Soledad Loaeza / La Jornada
La última edición de la revista The Economist observa la pérdida de apoyo del presidente Obama en la opinión pública y el creciente descontento que han disparado el desempleo, que no ha logrado vencer, y la crisis del derrame petrolero en el Golfo de México. Tanto se ha deteriorado el clima favorable al presidente de Estados Unidos que la mayoría de los comentaristas apunta a una probable derrota de los demócratas en las elecciones legislativas del próximo mes de noviembre. No obstante, al examinar el desarrollo del Partido Republicano desde el fracaso de 2008, el editorial de The Economist señala que la derecha no es una alternativa al Partido Demócrata mientras se inspire más en la ira de la opinión pública que en ideas atractivas e imaginativas para enfrentar los problemas del país.

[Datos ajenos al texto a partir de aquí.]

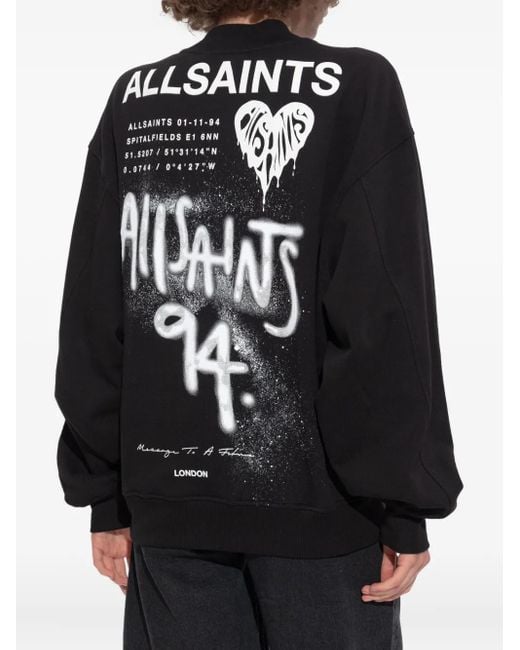 AllSaints Black Bomberjacke mit Herz-Print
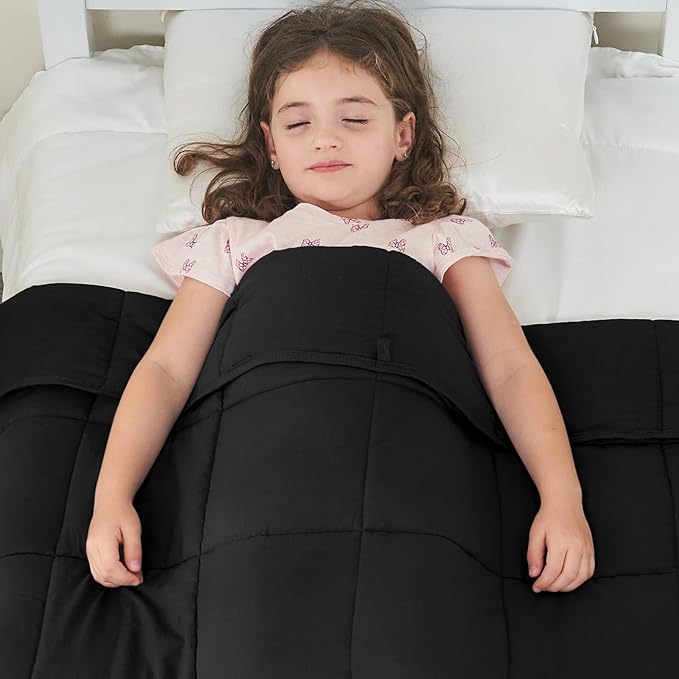 yescool Weighted Blanket (10 lbs, 41" x 60", Black) Cooling Heavy Blanket for Sleeping Perfect for 90-110 lbs, Breathable Blanket with Premium Glass Bead, Machine Washable
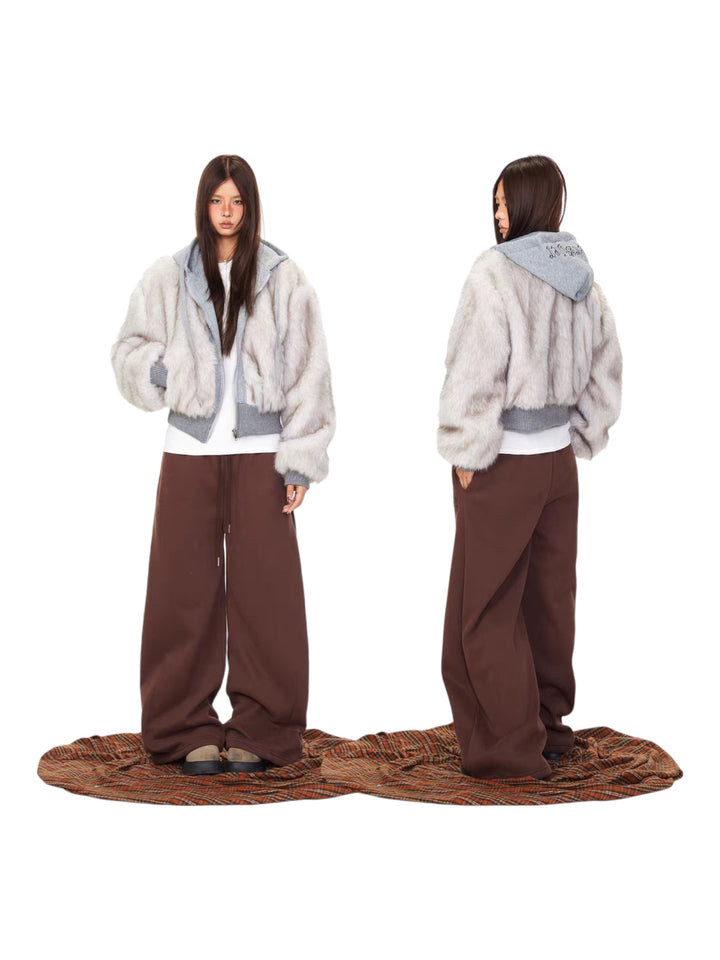 GKIKZ DOUBLE TROUBLE FAUX FUR ZIP-UP HOODIE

Este diagnóstico evoca una comparación relativamente fácil con las oposiciones mexicanas, en particular con el PRD y con el lopezobradorismo que se han abierto espacio exacerbando las emociones negativas, y sólo a veces positivas, de los ciudadanos; pero la ira popular ha sido el material básico de trabajo también de otras fuerzas políticas. En los años 80 lo fue del PAN en contra del PRI, ahora lo es del PRI en contra del PAN. Esto significa que la ira en un país como el nuestro no tiene una afiliación política precisa, sostiene un tránsito fluido –por decirlo de alguna manera– que puede parecer sorprendente entre partidos y partidarios, y también la volatilidad de un porcentaje considerable del electorado. La ira contra el gobierno es un recurso inflamable y barato, por esa razón los partidos en México lo utilizan de continuo, aunque de manera irreflexiva. Simplemente porque es más expedito provocar el enojo por la persistencia de los problemas que ponerse a pensar soluciones para resolverlos. Hacer eso supone trabajar, estudiar, analizar alternativas, y eso toma tiempo. En cambio, la explotación de la ira reporta ganancias rápidas, no exige ideas ni explicaciones, basta tener un vocabulario de irreverencias, contar dos o tres chistes rápidos y si se puede vulgares, pulmones para la denuncia, capacidad histriónica, facilidad para promover la indignación, y adoptar las actitudes de superioridad moral que entre nosotros asume el rebelde.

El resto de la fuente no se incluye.